The dbt Model That Taught Me Everything About Optimization
I once had a dbt model that took 47 minutes to run. It wasn’t even doing anything complicated—just joining a few large tables, some aggregations, the usual stuff. But 47 minutes. For a single model.
That model became my optimization obsession. And the lessons I learned from fixing it have stuck with me through every dbt project since.
The Usual Suspects Aren’t Always the Problem
When a model is slow, most of us reach for the obvious fixes: add indexes, partition large tables, maybe switch to incremental materialization. These help, sure. But that 47-minute model? It already had all of that.
The real problem was hiding in plain sight: I was joining on the wrong grain.
I’d written something like this:
SELECT
orders.id,
customers.name,
SUM(order_items.amount) as total_amount
FROM orders
LEFT JOIN customers ON orders.customer_id = customers.id
LEFT JOIN order_items ON orders.id = order_items.order_id
GROUP BY 1, 2
Seems fine, right? Except order_items had 50 million rows, and orders had 2 million. The join was exploding my dataset before the aggregation could even happen.
The fix was embarrassingly simple:
WITH item_totals AS (
SELECT
order_id,
SUM(amount) as total_amount
FROM order_items
GROUP BY 1
)
SELECT
orders.id,
customers.name,
COALESCE(item_totals.total_amount, 0) as total_amount
FROM orders
LEFT JOIN customers ON orders.customer_id = customers.id
LEFT JOIN item_totals ON orders.id = item_totals.order_id
Runtime: 47 minutes → 3 minutes.
Incremental Isn’t Free
Incremental models feel like magic. “Only process new data!” But they’re also the easiest way to build technical debt in dbt.
Here’s what I learned the hard way: incremental models need to handle late-arriving data gracefully. If you’re just appending rows based on updated_at, you’re going to have bad data.

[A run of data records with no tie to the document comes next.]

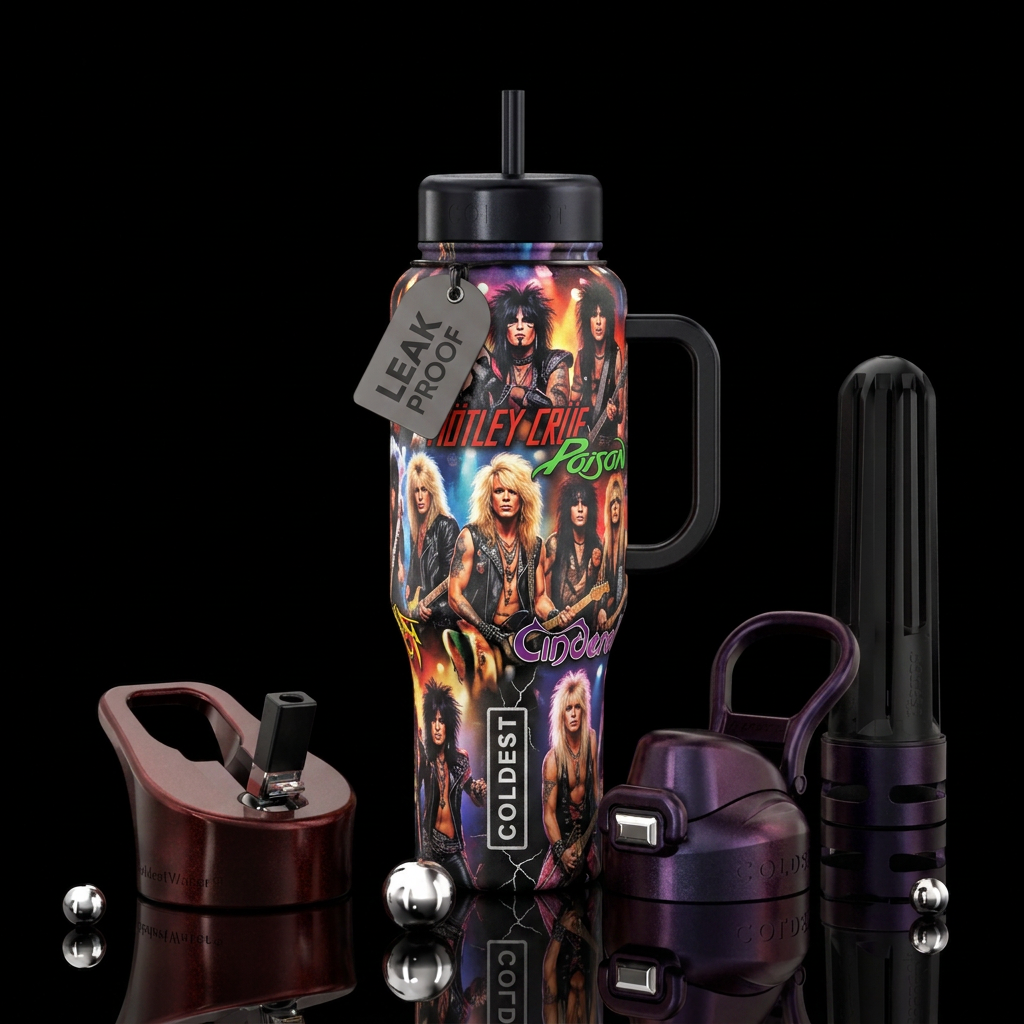 80s big hair rock bands water bottle design
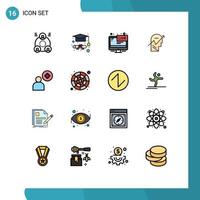 paquete de iconos de vectores de stock de 16 signos y símbolos de línea para agregar pantalla de conocimiento flecha humana elementos de diseño de vectores creativos editables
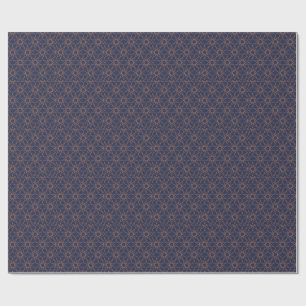 Papier Cadeau Géométrie d'étoile quintuple en Indigo et Cuivre e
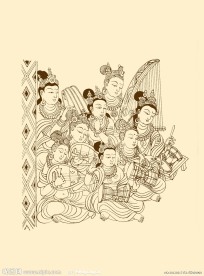 莫高窟154窟 中唐 报恩经变中的菩萨伎乐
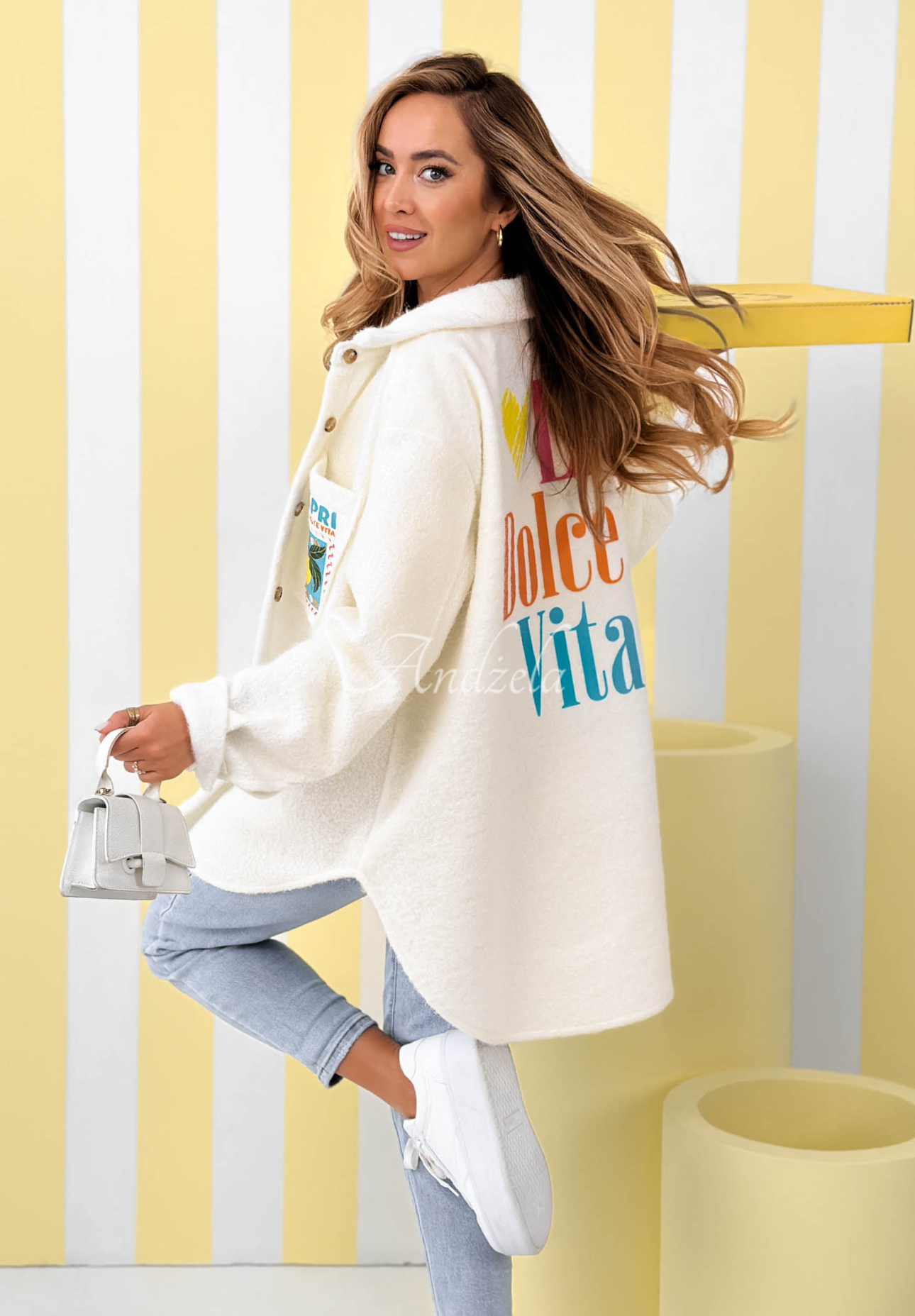 Jacke aus Lammfellimitat mit Aufdrucken und Wolle Capri Dolce Vita Ecru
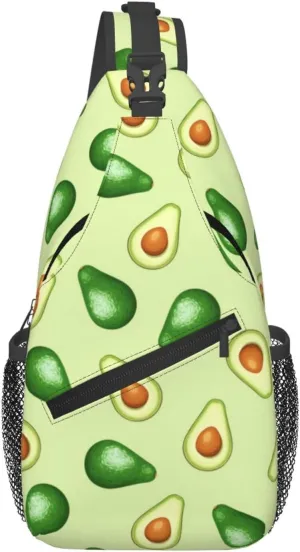 Avocado Crossbody Sling Bag For Women Men Adjustable Lightweight Chest Bag Shoulder Bag Sling Backpack Casual Daypack For Sport Travel Hiking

Now, every incremental model I write includes a lookback window:
{% if is_incremental() %}
WHERE updated_at >= (SELECT MAX(updated_at) - INTERVAL '3 days' FROM {{ this }})
{% endif %}
Yes, you’re reprocessing some rows. But you’re also catching the ones that trickle in late because of API delays, timezone issues, or that one microservice that takes its sweet time.
The ref() Trap
Early in my dbt journey, I treated ref() as just a way to reference other models. I’d chain models together without much thought—model A refs B, B refs C, C refs D.
Then I noticed my DAG looked like a plate of spaghetti and my runs were taking forever because everything was bottlenecked through a few central models.

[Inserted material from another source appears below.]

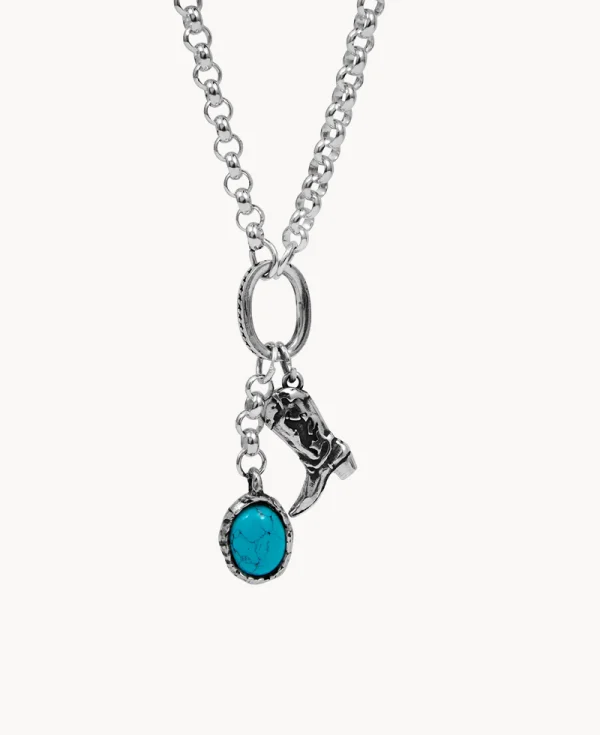 TWO JEYS Turqueoise Boot Necklace Silver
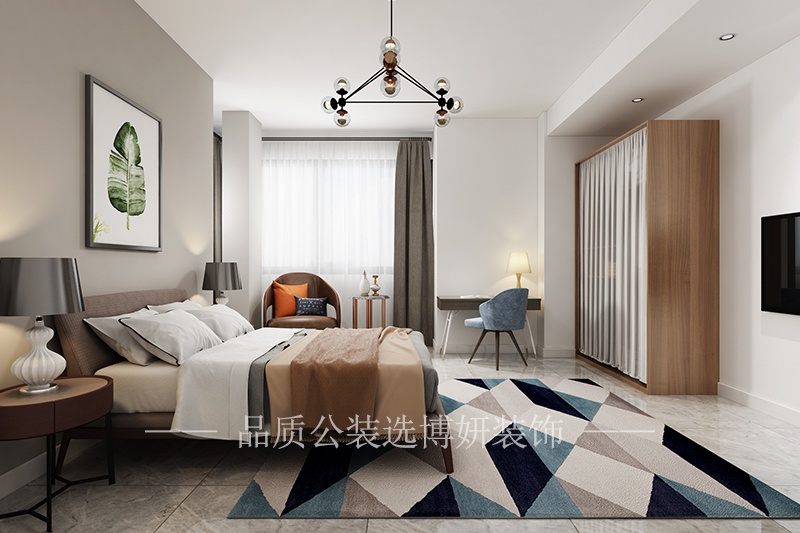 宁波舒适公寓装修设计效果图高级简约卧室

The fix? I started thinking about my DAG as an actual data pipeline, not just a dependency graph.
- Staging models should be thin transformations directly on sources
- Intermediate models handle complex joins and business logic
- Mart models are clean, final outputs for end users
If a model has more than 3-4 ref() calls, I pause and ask: should this be split? Am I cramming too much logic into one place?

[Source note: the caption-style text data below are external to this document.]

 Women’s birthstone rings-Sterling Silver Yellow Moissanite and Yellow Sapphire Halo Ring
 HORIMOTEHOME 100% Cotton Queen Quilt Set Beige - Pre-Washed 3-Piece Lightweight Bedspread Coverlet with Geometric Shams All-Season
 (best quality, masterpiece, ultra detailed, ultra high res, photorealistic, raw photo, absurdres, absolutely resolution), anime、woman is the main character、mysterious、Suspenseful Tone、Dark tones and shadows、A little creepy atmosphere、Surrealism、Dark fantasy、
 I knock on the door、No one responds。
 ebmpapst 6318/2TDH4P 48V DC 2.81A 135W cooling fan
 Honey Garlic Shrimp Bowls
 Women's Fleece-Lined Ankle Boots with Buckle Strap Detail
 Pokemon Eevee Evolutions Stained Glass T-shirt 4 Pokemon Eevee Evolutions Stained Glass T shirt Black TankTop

Test Everything, But Test Smart
I used to write tests like this:
- name: id
tests:
- unique
- not_null
On every single column. In every model. My test suite took 25 minutes to run.
Now I’m more surgical:
- Unique/not_null only on primary keys and truly critical fields
- Relationships tests only where referential integrity actually matters
- Custom tests for business rules that will break things if they fail
The goal isn’t perfect test coverage—it’s catching the bugs that would actually hurt someone.
The 80/20 Rule of Model Performance
After optimizing dozens of models, I’ve noticed a pattern: 80% of your runtime comes from 20% of your models. You can spend hours shaving seconds off small models, or you can find the big ones and fix them.
Use dbt run --profile-target dev and look at the execution times. If a model takes more than 5 minutes, it deserves attention. Not because 5 minutes is too long, but because models that slow usually have fundamental issues—bad joins, missing partitions, or logic that belongs elsewhere.
Final Thought
That 47-minute model taught me that dbt optimization isn’t about memorizing tricks or following a checklist. It’s about understanding your data: its shape, its size, how it flows through your pipeline.
The best dbt models I’ve written aren’t the cleverest ones. They’re the ones that get the job done simply, run fast enough that nobody complains, and can be understood by the next engineer who has to maintain them at 2 AM during an outage.
Sometimes boring is the ultimate optimization.